Defendant asserts the items confiscated by police officers were items a person might possess innocently at any time. Defendant claims that without the proper jury instruction, the jury may not know how to determine whether such objects were drug paraphernalia.

This record clearly demonstrates the items seized were drug paraphernalia. The knife contained cocaine residue and the baby food jar was modified to be used as a crack pipe. In addition, the two items were found in the same bag at the same time. There is no real likelihood the jury was confused regarding the nature of the items and no real possibility a different verdict would have been returned had the instruction been given.

This issue has no legal merit.

The Enhanced Sentence

Finally, defendant claims the sentencing court erred in using his prior drug conviction to enhance his sentence for the present conviction. This issue involves interpretation of a statute and our scope of review is unlimited. State v. Patterson, 25 Kan. App. 2d 245, 247, 963 P.2d 436, rev. denied 265 Kan. 888 (1998).

Here, defendant was convicted of possession of cocaine in violation of K.S.A. 1999 Supp. 65-4160(a). This statute classifies the offense as a drug severity level 4 felony. K.S.A. 1999 Supp. 65-4160(b) states that if "any person who violates this section has one prior conviction under this section or a conviction for a substantially similar offense from another jurisdiction, then that person shall be guilty of a drug severity level 2 felony." (Emphasis added.)

In this case, the sentencing journal entry listed defendant as having a previous conviction for possession of cocaine and classified his present offense as a drug severity level 2 felony. The only evidence of defendant's previous conviction is an entry on defendant's Kansas Criminal History Worksheet showing a conviction in 1996 for possession of cocaine contrary to K.S.A. 65-4161a. This entry presumably was referring to K.S.A. 1995 Supp. 65-4161(a), which addressed unlawful acts relating to the sale or distribution of drugs.

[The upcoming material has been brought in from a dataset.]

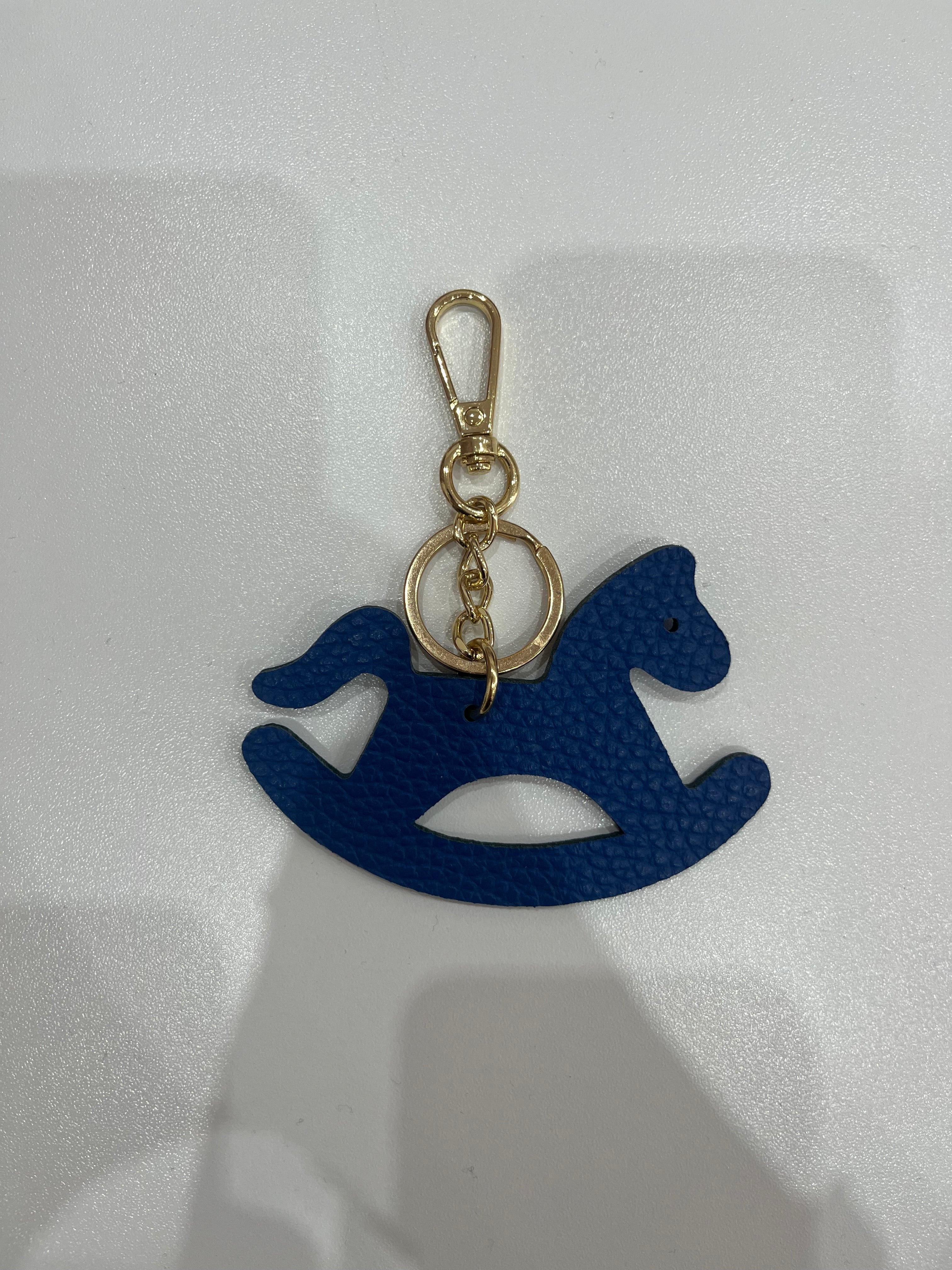 Portachiavi in Vera Pelle con Charm Cavallino o Cuore | Accessorio Borsa Donna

According to defendant, his prior conviction under a separate statute does not constitute a prior conviction under K.S.A. 1999 Supp. 65-4160 for the purpose of enhancement. Criminal statutes are to be construed in the accused's favor and any reasonable doubt about the meaning of a statute is to be decided in the accused's favor. State v. Vega-Fuentes, 264 Kan. 10, 14, 955 P.2d 1235 (1998). "The rule of strict construction, however, is subordinate to the rule that judicial interpretation must be reasonable and sensible to effect legislative design and intent." 264 Kan. at 14.

The State argues possession of cocaine with intent to sell and possession of cocaine are similar offenses and the legislature meant to enhance the penalties for individuals convicted of both.

We find there are no Kansas cases addressing enhancement under K.S.A. 1999 Supp. 65-4160(b). We are convinced a strict reading of K.S.A. 1999 Supp. 65-4160(b) indicates a prior conviction for enhancement purposes would have to be for a violation of K.S.A. 1999 Supp. 65-4160(a). Otherwise, the legislature could have used language such as "under this chapter" or "under this article." As such, we conclude the sentencing court erred when enhancing defendant's sentence under K.S.A. 1999 Supp. 65-4160(b).

Defendant's convictions are affirmed, his sentence is vacated, and the cause is remanded for resentencing consistent with this opinion.